Lorsque mon travail me le permettait, je quittais New York et revenais en Provence pour continuer ce projet, mais il avançait trop lentement: impossible de planifier mes voyages pour attraper le vent. Il était évident qu’il me fallait y rester pendant un long moment. Après des années à photographier pour des journaux et des magazines où je passais rarement plus d’une semaine ou deux au même endroit, j’étais prête à m’immerger dans un seul lieu pour le connaître en profondeur.

Mon mari et moi-même avons déménagé dans ce village et nous avons inscrit notre fils à l’école locale. Jour après jour, mon appareil à ma côté, j’ai parcouru en voiture les mêmes routes étroites, et j’ai refait à pied le même circuit autour du village. Le coin n’a plus eu de secrets pour moi, j’en reconnaissais les plantes, les regardant perdre leurs feuilles quand il faisait froid et ressentant une certaine excitation la croissance des bourgeons lorsque les jours rallongeaient. Voici une rose de mon jardin après deux jours de mistral.
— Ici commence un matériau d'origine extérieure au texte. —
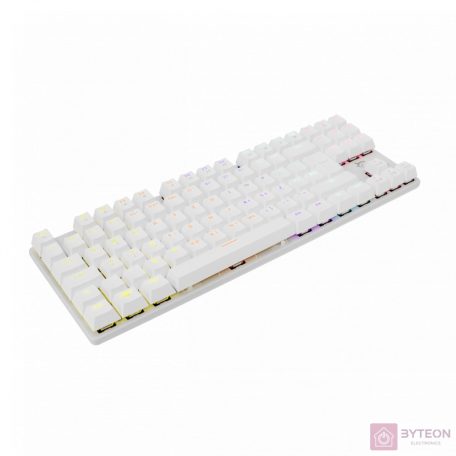 White Shark COMMANDOS GK-2106W/BL-HU fehér mechanikus magyar (blue switch) gamer billentyűzet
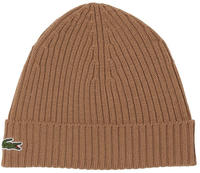 Lacoste Rippstrick-M&uuml;tze aus geb&uuml;rsteter Wolle - Braun Size One Size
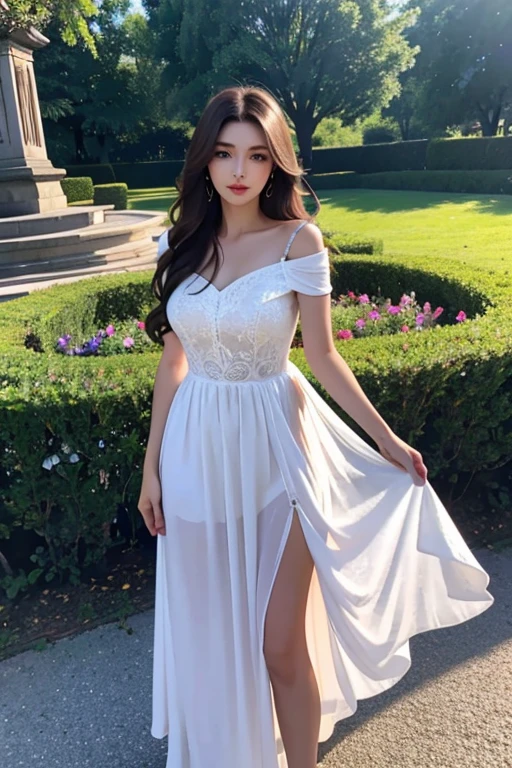 Eastern European beauty、A stunning beauty in her late 30s、Brunette Long Hair、Perfect Makeup、Royal women、Elegant Dresses、In the garden、Grabbing the hem of her skirt and striking a cute pose、Draw the details of the face carefully、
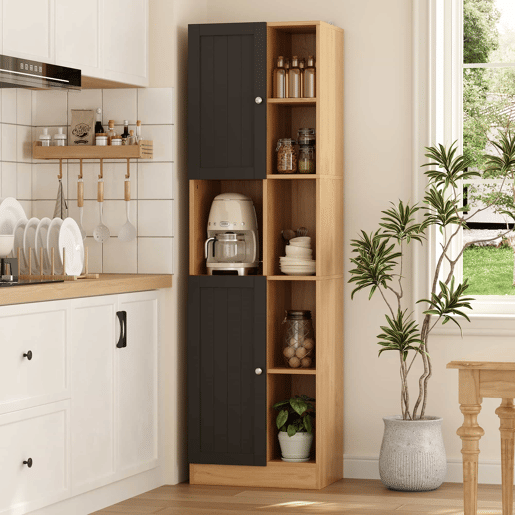 Armário de canto para cozinha 50 x 35,5 x 170 cm u2013 6 prateleiras abertas, 2 portas, prateleiras ajustáveis e design anti-tombamento u2013 Preto e madeira natural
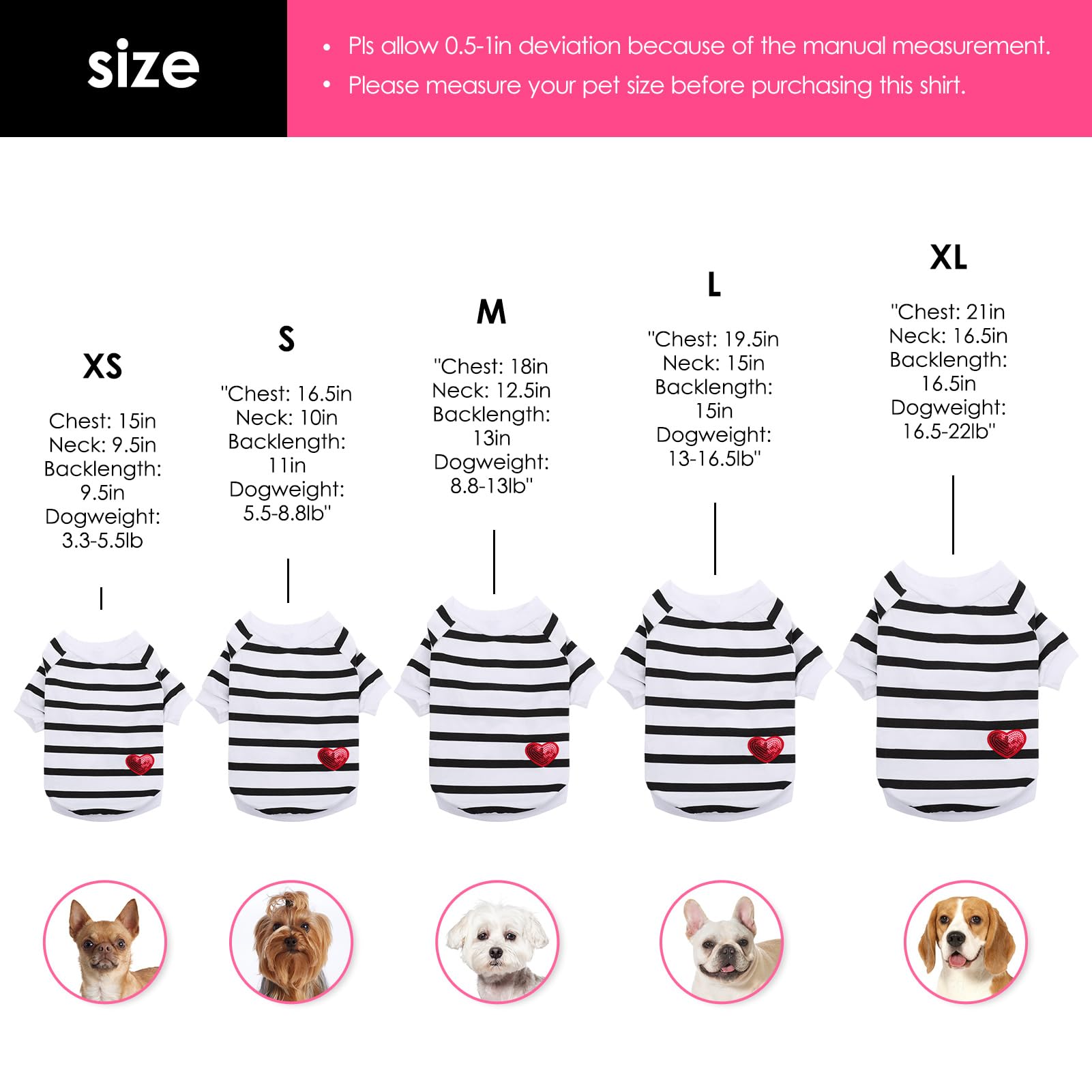 Preferhouse Dog Shirts For Medium Dogs Cats, Dog Striped T-Shirts Dog Vest Pet Apparel Tee Shirts Spring Summer Suitable For Sma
Voilà un cognassier qui a survécu à des rafales de plus de 110 kilomètres heure. Cet arbuste courbé va réussir à se maintenir sous le vent. Le mistral s’est ainsi lentement révélé.

J’ai commencé ce projet en utilisant des pellicules Kodachrome et en fouillant dans la bibliothèque d’une petite ville; je l’ai fini avec un appareil numérique et Internet. Il m’a fallu du temps pour mettre en mots et en images ceci: le mistral, cette force invisible, qui façonne non seulement les lieux où les gens vivent, mais aussi qui ils sont.

Je pense que les Français ont une relation complexe avec le mistral. Ils vénèrent la tradition, les règles, l’ordre. Que tout soit à sa place. Puis le vent débarque, le sacré mistral. Ils râlent contre lui. Ils pestent contre cette menace. Pourtant, au fond d’eux, ils le respectent. C’est la liberté.  Tel un esprit, le mistral ne peut pas être maitrisé.